Collective individual defined contribution (CIDC) schemes have the advantage over collective defined contribution (CDC) schemes, a study by the University of Utrecht has found.
The study, which was undertaken for the Pensions Institute at the Cass Business School, found that CIDC schemes have a number of important advantages over CDC schemes.
Researchers professor Hans van Meerten and Elmar Schmidt found that despite both schemes featuring collective asset pooling, CDC schemes leave little room for individual risk management. On the other hand, the study found that CIDC schemes can accommodate such individual risk management and feature less complex rules for asset allocation.
In addition, while both scheme types place the risks on pension scheme members, there being no external risk bearer, there is still greater risk sharing amongst scheme members than in individual defined contribution (IDC) arrangements which is what most private sector employees have in the UK.
As a result, the researchers believe scheme members should be duly informed of their legal position vis-à-vis their employer and pension provider. CIDC schemes feature individual pension accounts, making the identification of a scheme member’s pension pot easier. This is not the same as individual ownership of the pension pot, which (typically) lies with the provider.
Furthermore, the researchers said that the UK’s pension freedoms, which allow people to take their pot as a lump sum, is contrary to the idea of collective risk sharing in CDC and CIDC schemes.

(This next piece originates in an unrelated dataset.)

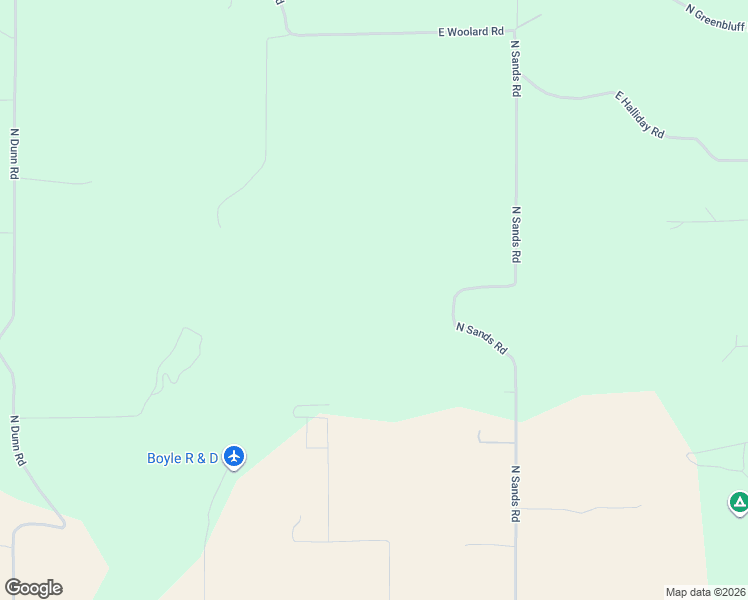 map of restaurants, bars, coffee shops, grocery stores, and more near in Green Bluff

The paper supports a recent submission by Pensions Institute director professor David Blake to the UK’s Work and Pensions Select Committee which argued that CDC schemes might be the only form of collective pension scheme that is feasible in the short term.
Blake said the University of Utrecht paper comes at a crucial time in the ongoing debate around pensions.
“In the Netherlands as in the UK, a discussion questioning the sustainability and complexity of DB schemes and their pension promise is taking place and it is useful for us to learn from their experience.
“CIDC schemes do have an advantage – they maintain individual accounts and are better able to deal with sudden cash withdrawals than CDC schemes, yet are still able to exploit economies of scale to the full which lowers costs through, for example, automatic enrolment and the pooling of investment and longevity risks.”
Therefore, Blake recommends the government examines the feasibility of establishing CIDC – for both the accumulation and decumulation phases.
“Such schemes would be compatible not only with the defined ambition agenda, they would also be compatible with the new pension flexibilities following the 2014 Budget, while, at the same time, exploiting economies of scale to the full and allowing a high degree of risk pooling,” he said.